Aprovechar lo que se tiene
Ningún leguleyo de tres al cuarto se embroncaría con la demolición del Teatro Romano de Sagunto si desde su rehabilitación se hubiera utilizado ese espacio privilegiado, a escasos kilómetros de Valencia, de una manera algo más atractiva. La afluencia de uso es lo mejor para liquidar polémicas estúpidas, pero esta es la hora que en ese inacabado escenario se representan poco más de una docena de espectáculos -y no siempre bien elegidos- durante los fines de semana del mes de agosto, cuando la bonanza del clima permite programar allí lo que sea desde junio hasta mediados de septiembre. Ante esa dejadez, todavía resulta más estrafalaria la idea de construir un teatro de nueva planta a unos cuantos cientos de metros del antiguo recinto, no se sabe si para hundirlo en la miseria o para albergar acontecimientos incomparables y de fama internacional dos o tres veces al año.
Agua para todos
El problema del Plan Hidrológico Nacional no es su necesidad sino su uso como agua arrojadiza por parte de esos políticos que tantas veces han demostrado carecer de todo escrúpulo. Son los mismos que creyeron llevar el agua a su molino con vilezas del tipo de que el desbordamiento del Ebro el verano pasado se habría evitado de haber puesto ya en marcha ese plan en el que tanto golfista del cemento tiene depositadas todas sus esperanzas. Francisco Camps parece haber optado finalmente por insistir en las ambigüedades de sus adversarios políticos, tanto en este asunto como en otros, sin reparar siquiera en que esas vacilaciones calcan hasta el milímetro cierto número de contradicciones reales que no se resolverán adoptando medidas precipitadas. Lo mismo sobre el problema de las autonomías. El "café para todos" de Adolfo Suárez no tiene por qué solaparse ahora con una más que problemática promesa de "agua para todos".
Crónica de la realidad
Se trata tal vez de un impulso generacional, o acaso de un tardío ajuste de cuentas. Lo cierto es que no hay manera de hojear casi ninguna novela de las que se escriben por aquí sin toparse con la voluntad del autor de erigirse en cronista municipal, o comunitario, cuando no transnacional, en general echando mano de un insufrible tono de reproche. El poder de la ficción narrativa sucumbe sin remedio ante una realidad mediocre en la que el autor parece persuadido de que su opinión contada habrá de ser del mayor interés para los lectores.
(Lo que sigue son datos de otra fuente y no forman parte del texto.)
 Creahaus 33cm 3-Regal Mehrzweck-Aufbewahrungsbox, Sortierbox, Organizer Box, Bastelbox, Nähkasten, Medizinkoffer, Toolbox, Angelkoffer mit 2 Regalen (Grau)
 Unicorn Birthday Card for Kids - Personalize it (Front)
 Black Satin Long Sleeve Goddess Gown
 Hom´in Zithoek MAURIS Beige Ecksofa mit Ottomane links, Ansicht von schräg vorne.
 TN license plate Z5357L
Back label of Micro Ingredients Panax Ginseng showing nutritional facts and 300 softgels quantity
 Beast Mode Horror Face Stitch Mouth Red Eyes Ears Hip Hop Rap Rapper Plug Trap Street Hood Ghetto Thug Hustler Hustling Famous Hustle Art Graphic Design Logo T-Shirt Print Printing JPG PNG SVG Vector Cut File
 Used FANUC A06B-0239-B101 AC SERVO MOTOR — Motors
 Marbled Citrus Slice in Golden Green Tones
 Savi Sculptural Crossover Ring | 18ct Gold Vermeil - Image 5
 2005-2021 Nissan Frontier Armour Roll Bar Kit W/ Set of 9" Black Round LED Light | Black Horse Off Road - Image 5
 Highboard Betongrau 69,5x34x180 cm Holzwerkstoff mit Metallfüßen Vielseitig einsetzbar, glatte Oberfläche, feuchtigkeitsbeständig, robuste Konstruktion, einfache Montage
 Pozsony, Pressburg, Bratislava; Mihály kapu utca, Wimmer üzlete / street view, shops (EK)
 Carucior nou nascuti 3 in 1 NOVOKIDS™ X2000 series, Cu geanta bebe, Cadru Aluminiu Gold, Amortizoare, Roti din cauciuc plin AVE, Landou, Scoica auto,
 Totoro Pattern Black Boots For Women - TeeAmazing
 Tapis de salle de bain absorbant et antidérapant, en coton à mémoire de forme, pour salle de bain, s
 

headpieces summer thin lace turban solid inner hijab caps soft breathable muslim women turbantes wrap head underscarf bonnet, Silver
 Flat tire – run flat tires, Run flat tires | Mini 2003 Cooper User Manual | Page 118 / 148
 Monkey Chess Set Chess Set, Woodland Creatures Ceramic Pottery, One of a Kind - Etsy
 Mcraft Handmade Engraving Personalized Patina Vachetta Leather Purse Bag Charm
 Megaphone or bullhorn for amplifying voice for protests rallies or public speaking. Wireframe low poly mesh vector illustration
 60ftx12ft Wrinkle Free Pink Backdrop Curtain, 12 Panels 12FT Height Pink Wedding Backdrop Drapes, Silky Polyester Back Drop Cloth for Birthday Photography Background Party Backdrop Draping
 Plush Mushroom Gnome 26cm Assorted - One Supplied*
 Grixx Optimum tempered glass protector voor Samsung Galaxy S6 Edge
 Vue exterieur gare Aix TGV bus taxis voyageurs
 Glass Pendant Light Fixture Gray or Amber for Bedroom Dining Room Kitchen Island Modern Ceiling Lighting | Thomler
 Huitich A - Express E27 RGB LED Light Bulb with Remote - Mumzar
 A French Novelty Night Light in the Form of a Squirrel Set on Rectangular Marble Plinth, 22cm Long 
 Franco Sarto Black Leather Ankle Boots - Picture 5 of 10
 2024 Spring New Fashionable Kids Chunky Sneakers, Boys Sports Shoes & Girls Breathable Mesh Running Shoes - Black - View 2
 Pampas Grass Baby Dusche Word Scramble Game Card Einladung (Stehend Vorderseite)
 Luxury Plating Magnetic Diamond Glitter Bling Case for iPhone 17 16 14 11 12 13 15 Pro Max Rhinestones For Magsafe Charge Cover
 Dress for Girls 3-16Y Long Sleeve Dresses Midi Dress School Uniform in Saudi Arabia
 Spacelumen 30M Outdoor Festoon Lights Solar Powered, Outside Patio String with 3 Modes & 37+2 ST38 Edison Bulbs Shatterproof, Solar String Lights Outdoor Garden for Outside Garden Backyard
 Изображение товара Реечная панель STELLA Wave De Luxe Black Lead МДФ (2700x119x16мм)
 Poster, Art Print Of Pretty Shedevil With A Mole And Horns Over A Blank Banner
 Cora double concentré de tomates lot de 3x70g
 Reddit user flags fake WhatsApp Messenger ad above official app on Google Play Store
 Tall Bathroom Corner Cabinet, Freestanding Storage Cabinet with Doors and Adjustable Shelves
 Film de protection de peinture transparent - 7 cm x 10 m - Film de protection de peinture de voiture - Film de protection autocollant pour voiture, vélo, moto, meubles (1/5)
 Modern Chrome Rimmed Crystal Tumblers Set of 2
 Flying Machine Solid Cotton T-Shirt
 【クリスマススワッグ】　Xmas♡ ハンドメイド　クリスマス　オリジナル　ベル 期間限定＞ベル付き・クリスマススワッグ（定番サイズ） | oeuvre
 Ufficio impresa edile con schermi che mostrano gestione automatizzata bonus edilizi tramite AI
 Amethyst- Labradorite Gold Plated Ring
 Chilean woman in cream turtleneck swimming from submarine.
Esta vuelta a las aficiones notariales de Galdós debe tener alguna relación con la desesperanza acerca del futuro, porque sólo la desazón hacia el presente se refugia en las argucias del pasado, un tanto a la manera del psicoanálisis profano. Así las cosas, todavía está por aparecer quien -renunciando a hablar de sí mismo y a intentar la crónica de su tiempo-, escriba algo digno de ser leído sin bostezos.